My point here that I was trying to make that as much as I like FriendFeed and like to use it as source it is only valuable in that aspect if you want to talk about social media. If you want to talk about technology other than social media and FriendFeed then right now this isn’t the place to be. Even looking at FriendFeed right now the conversations are revolving around politics, general life type stuff and social media related items. Nowhere in today’s timestream will you find next to anything about other technologies unless in some round about way they related to social media.

The second post on the other hand was all about FriendFeed; and social media by proxy, and how it was a growing and vibrant place to hang out. this is very true in the general sense of things andrally doesn’t contradict my first post in any fashion. It just showed how people are using FriendFeed for all types of converstaions andwhile that is a good thing for people wanting to talk about all kinds of technology it isn’t such a great place. This is especially true if you are a blogger trying to use FriendFeed and a reliable source of what is happening right now.

Now the interesting thing here is when we look at the FriendFeed stats of Likes and Comments for each of the posts because this is where you can see the real bias for social media discussions versus other types of tech discussions. With the first post – Wow There Is A World Beyond Social Media – we have a total of 10 Likes and 2 Comments. Now contrast that with the second post – FriendFeed Is Growing Nicely Regardless Of What Scoble Says – where we have a total of 52 Likes and 42 Comments. It is obvious to see where the overwhelming interest is.

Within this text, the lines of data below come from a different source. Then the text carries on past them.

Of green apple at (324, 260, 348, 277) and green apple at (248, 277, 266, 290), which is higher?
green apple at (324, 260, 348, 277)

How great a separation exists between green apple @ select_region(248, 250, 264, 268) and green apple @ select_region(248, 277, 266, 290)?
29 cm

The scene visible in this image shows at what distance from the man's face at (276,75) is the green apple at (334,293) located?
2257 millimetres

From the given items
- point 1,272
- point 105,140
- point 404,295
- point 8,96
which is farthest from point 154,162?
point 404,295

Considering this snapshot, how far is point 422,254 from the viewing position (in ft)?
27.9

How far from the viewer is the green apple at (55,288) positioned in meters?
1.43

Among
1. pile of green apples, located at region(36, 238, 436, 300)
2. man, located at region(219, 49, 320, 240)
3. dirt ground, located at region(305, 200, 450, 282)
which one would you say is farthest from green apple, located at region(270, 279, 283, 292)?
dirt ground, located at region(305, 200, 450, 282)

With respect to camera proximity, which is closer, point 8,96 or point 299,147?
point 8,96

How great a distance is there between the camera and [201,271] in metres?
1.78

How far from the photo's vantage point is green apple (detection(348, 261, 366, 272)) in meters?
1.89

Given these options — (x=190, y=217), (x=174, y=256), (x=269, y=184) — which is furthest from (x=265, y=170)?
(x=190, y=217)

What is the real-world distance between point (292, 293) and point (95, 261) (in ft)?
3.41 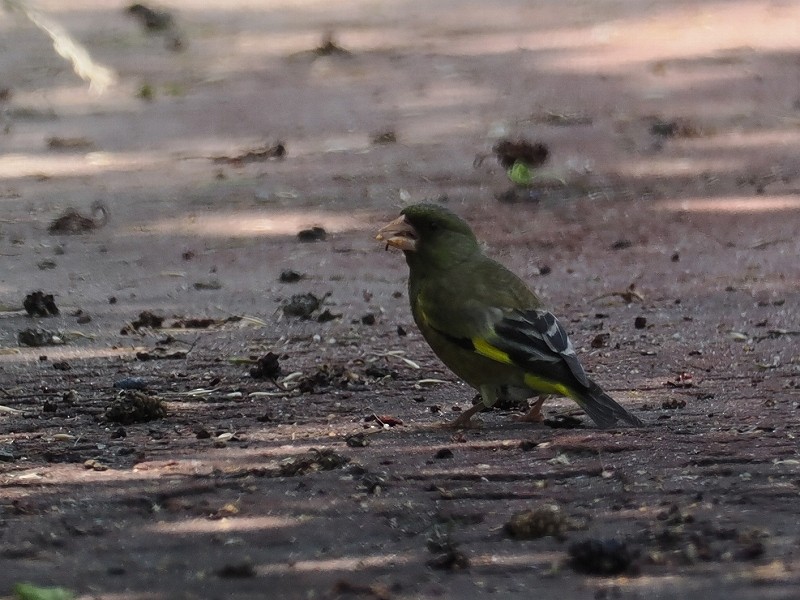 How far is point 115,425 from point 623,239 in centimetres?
464

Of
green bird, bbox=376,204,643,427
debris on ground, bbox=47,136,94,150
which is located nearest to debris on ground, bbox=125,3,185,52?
debris on ground, bbox=47,136,94,150

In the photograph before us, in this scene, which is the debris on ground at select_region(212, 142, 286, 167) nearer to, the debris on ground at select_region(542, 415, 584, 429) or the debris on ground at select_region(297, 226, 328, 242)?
the debris on ground at select_region(297, 226, 328, 242)

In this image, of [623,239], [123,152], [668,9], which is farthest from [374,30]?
[623,239]

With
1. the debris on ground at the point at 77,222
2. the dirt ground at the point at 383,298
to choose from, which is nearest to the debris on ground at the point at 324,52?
the dirt ground at the point at 383,298

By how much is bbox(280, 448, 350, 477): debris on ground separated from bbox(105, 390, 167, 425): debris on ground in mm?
900

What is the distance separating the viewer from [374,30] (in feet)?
50.8

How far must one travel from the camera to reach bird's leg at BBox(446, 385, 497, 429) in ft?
19.6

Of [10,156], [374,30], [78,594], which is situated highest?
[374,30]

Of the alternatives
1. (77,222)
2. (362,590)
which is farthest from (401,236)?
(77,222)

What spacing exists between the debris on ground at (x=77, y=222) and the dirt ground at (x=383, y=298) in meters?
0.07

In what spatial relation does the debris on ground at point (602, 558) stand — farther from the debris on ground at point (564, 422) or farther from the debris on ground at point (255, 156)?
the debris on ground at point (255, 156)

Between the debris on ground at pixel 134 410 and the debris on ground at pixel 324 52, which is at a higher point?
the debris on ground at pixel 324 52

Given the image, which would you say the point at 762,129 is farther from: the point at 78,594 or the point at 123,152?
the point at 78,594

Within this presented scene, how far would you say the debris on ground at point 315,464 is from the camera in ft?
17.2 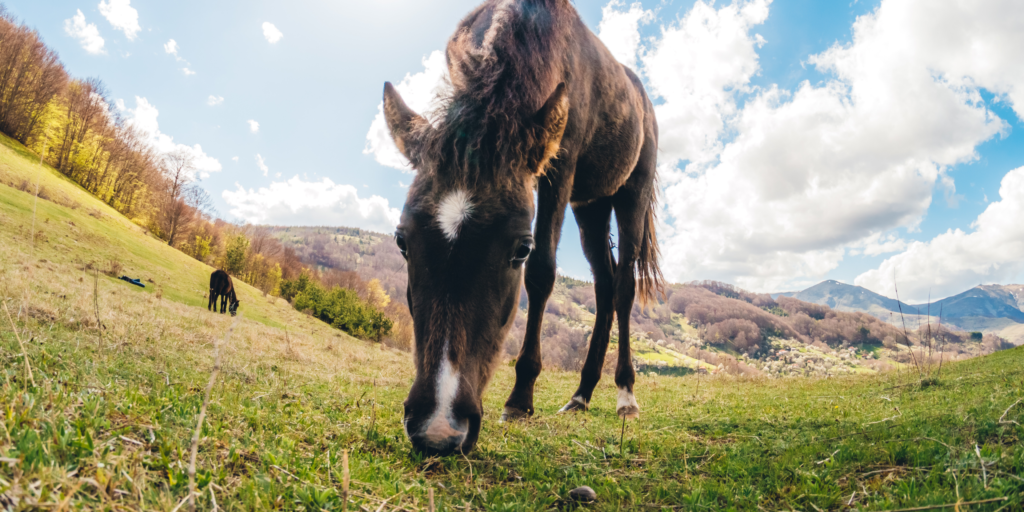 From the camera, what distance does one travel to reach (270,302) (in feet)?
124

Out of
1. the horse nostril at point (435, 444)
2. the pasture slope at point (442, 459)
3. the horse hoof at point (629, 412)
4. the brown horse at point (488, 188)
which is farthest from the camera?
the horse hoof at point (629, 412)

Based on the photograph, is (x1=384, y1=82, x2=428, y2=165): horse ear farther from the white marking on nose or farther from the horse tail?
the horse tail

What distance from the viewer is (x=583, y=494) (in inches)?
84.0

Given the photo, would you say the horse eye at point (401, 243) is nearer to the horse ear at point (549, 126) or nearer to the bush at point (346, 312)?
Result: the horse ear at point (549, 126)

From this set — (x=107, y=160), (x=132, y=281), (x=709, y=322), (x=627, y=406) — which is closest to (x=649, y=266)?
(x=627, y=406)

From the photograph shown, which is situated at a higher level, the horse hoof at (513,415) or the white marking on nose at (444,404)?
the white marking on nose at (444,404)

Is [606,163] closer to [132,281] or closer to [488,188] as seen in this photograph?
[488,188]

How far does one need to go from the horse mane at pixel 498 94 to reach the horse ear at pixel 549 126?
0.06m

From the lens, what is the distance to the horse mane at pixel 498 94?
9.50 feet

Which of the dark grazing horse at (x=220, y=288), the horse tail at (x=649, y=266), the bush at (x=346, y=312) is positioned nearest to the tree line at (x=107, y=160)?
the bush at (x=346, y=312)

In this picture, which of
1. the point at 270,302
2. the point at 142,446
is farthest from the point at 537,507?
the point at 270,302

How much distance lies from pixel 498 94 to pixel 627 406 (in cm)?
385

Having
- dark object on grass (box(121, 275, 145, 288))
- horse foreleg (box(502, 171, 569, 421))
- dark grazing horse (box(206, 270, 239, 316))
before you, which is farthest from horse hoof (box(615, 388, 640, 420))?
dark object on grass (box(121, 275, 145, 288))

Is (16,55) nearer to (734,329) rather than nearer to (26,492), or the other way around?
(26,492) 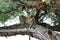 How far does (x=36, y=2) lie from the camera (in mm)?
836

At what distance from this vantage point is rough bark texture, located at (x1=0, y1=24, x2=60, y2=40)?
0.86 meters

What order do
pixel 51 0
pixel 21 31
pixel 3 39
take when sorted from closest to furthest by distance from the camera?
pixel 51 0 → pixel 21 31 → pixel 3 39

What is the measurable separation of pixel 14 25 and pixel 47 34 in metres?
0.25

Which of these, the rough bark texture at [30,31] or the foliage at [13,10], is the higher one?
the foliage at [13,10]

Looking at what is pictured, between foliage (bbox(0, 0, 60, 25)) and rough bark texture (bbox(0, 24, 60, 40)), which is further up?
foliage (bbox(0, 0, 60, 25))

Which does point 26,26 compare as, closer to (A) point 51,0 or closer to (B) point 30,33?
(B) point 30,33

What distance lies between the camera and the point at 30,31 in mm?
916

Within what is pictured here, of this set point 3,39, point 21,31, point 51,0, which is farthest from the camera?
point 3,39

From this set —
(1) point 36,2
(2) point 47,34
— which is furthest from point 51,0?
(2) point 47,34

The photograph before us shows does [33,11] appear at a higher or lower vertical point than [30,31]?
higher

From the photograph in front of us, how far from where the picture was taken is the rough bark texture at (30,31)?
860 millimetres

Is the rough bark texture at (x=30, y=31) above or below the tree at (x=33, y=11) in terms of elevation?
below

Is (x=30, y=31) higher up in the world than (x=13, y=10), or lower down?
lower down

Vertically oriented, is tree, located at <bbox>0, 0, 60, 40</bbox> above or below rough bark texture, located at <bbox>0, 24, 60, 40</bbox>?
above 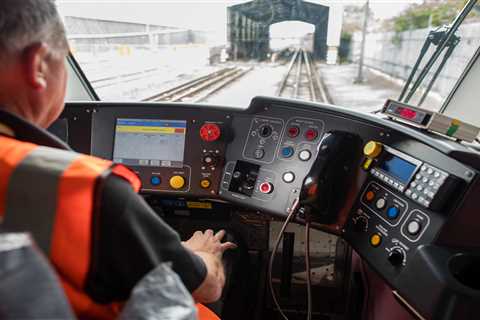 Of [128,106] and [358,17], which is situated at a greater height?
[358,17]

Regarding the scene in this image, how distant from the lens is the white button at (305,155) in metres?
1.54

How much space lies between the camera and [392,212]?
119 cm

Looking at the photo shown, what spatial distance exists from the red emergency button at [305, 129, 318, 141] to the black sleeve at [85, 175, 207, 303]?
0.96 m

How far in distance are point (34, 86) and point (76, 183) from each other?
239 mm

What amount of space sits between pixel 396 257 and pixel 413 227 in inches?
3.7

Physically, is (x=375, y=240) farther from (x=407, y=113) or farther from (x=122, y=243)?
(x=122, y=243)

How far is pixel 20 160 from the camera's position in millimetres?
603

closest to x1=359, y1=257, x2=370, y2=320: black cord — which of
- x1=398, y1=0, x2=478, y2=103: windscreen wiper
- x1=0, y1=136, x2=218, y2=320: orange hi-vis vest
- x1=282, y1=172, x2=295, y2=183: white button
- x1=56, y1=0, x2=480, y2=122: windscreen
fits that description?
x1=282, y1=172, x2=295, y2=183: white button

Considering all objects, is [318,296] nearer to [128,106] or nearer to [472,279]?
[472,279]

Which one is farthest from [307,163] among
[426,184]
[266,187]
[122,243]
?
[122,243]

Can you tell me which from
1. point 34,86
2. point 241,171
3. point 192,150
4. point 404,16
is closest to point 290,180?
point 241,171

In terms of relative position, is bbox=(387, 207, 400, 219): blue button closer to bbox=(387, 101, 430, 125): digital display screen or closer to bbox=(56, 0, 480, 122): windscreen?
bbox=(387, 101, 430, 125): digital display screen

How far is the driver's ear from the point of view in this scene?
2.30ft

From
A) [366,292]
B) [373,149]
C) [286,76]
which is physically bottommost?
[366,292]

This post is not meant in any fashion to be a indictment against peoples preferences. Rather it is meant to show; good or bad, that once you get caught up within any of the social media services it is very easy to find one’s focus become very narrow. I purposely do by best to make sure that the people I follow are across a broad spectrum to try and not get sucked into this myopic view but that hasn’t changed the results I see when using something like FriendFeed. Just as FriendFeed has become a political junkies dream hunting ground it also shows that technology interests are skewed in a specific direction.

My take away from all this is that while FriendFeed is a great place to hang out don’t expect to get any great reaction if you blog about technologies that are centered around social media. That said though I’m not going to let this experience alter what I write about and who knows maybe I’ll help expand the technology horizon found on FriendFeed a little.